Microsoft is testing Seagate’s MACH.2 dual-actuator technology prior to deploying the 14TB Exos 2X14 disk drive in Azure and Exchange cloud services. The dual actuators will enable the company to use bigger disk drives while maintaining service level agreements for latency.
Microsoft used the Exchange Server Jetstress tool to simulate Exchange 2013 and Exchange 2016 disk I/O load on a server to verify drive performance and stability, Seagate said today.
Microsoft tested sequential throughput, simulating backup operations or streaming, and random read IOPS testing, simulating hyperscale and CDN workloads, and others. Aaron Ogus, Microsoft partner architect, said: “We are getting close to twice the throughput and IOPS, which are the improvements we expected to achieve with the MACH.2 technology.”
Two heads are better than one
Dual-actuator technology gives disk drives two read/write head actuators with dedicated channela, instead of the traditional one. It near doubles the drive’s IO performance when both actuators transfer IOs simultaneously.
Within a drive, one actuator addresses the top half of the read/write heads and a second actuator addresses the bottom half.
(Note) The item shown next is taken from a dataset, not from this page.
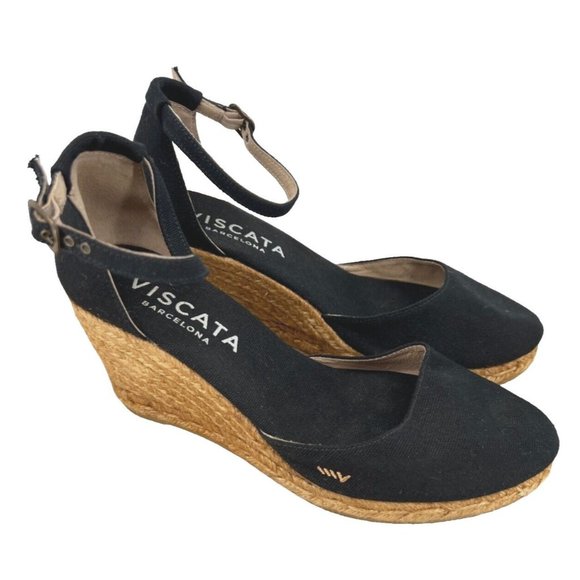VISCATA Shoes - VISCATA  Estartit Canvas Espadrille Wedge  Ankle-Strap- Jute/Black- Size 41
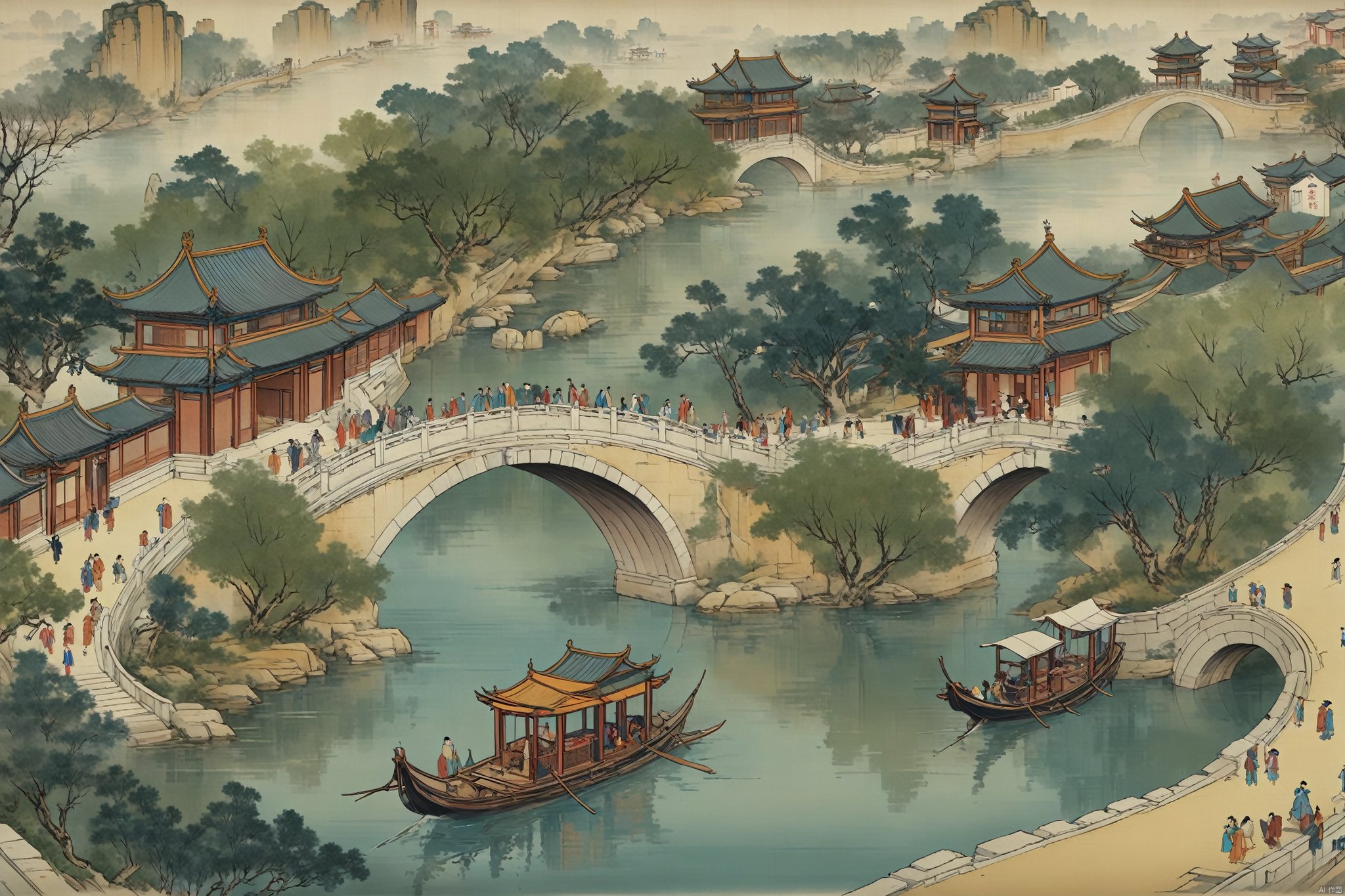  River,outdoors,water,tree,building,scenery,ancient architecture,Boat,Tree,humans,stone arch bridge,carriage,street, vector illustration, traditional chinese ink painting, gchf, guohua,outdoor,动漫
Each actuator addresses one half the total capacity of the drive.
The Exos 2X14 achieves a 520MB/sec sustained data rate, which compares to the single actuator Exos X14 drive’s 261MB/sec.
IO density
Drives with higher IO performance should help cloud providers achieve greater throughput efficiency on a per terabyte basis.
A disk drive can deliver a certain amount of IO through its read/write heads. This is is described as an IOPS/TB number at a certain latency (a NetApp blog discusses this importance of IO density in greater detail). Disk capacity has climbed markedly in the past few years, from a few TBs to 16 and 18TB. At the same time disk drive IO density has fallen because the single read/write head actuator assembly provides access to more capacity through the same limited channel.
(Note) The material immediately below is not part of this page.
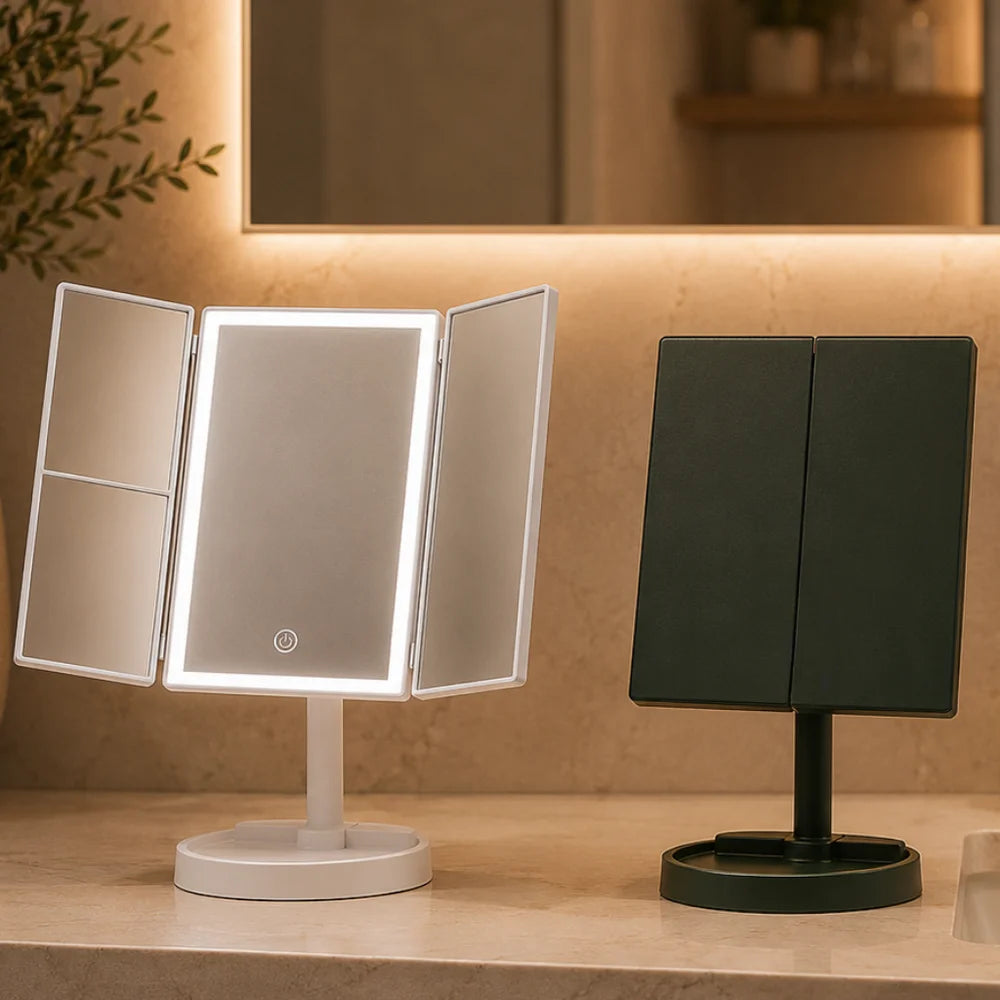 Foldable makeup magnifying mirror with led light 3 tone dimmable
For instance a 1TB 7,200rpm drive can provide 50 IOPS at 20 msec latency: the IO density is 50/1 or 50. With a 14TB drive the IO density is 50/14 or 3.57. This is much worse; you need more drives or faster and more expensive drives to achieve an IOPS level closer to the original 50.
Dual actuator tech can increase the overall IOPS number by up to 1.8. meaning the 50 IOPS becomes 90. Then, in our example, the 14TB drive’s IO density is 6.43.
Logically, the Exos 2X14 becomes two drives, each with 7TB capacity. The two actuators have their own logical unit numbers (LUN0 and LUN1) and the SAS protocol supports such LUNs. Customers need to adjust their software stacks to make use of these two LUNs.
The 16TB Exos X16 drive is unsuitable for dual actuator technology as it has 9 platters and cannot divide into two equal halves. The X14 has 8 platters, dividing into two 4-platter halves at 7TB each, hence Seagate’s decision to plunk dual-actuator tech into this drive.
Check out a Seagate Exos 2X14 technology paper here, a Q&A here, and a blog here. The Q&A explains, for example, why single-port SAS is used instead of dual-porting.
In its documentation, Seagate mentions ‘short stroking’ several times. This zoning technology accelerates disk IO speed to important data, and Seagate implies that hyperscalers are currently using short-stroking on their disk drives. Dual-actuator disk drives render short-stroking redundant, so Seagate can anticipate hyperscalers – its main intended market for these drives – to switch over.
Blocks & Files thinks Toshiba and Western Digital also have dual-actuator technology under development.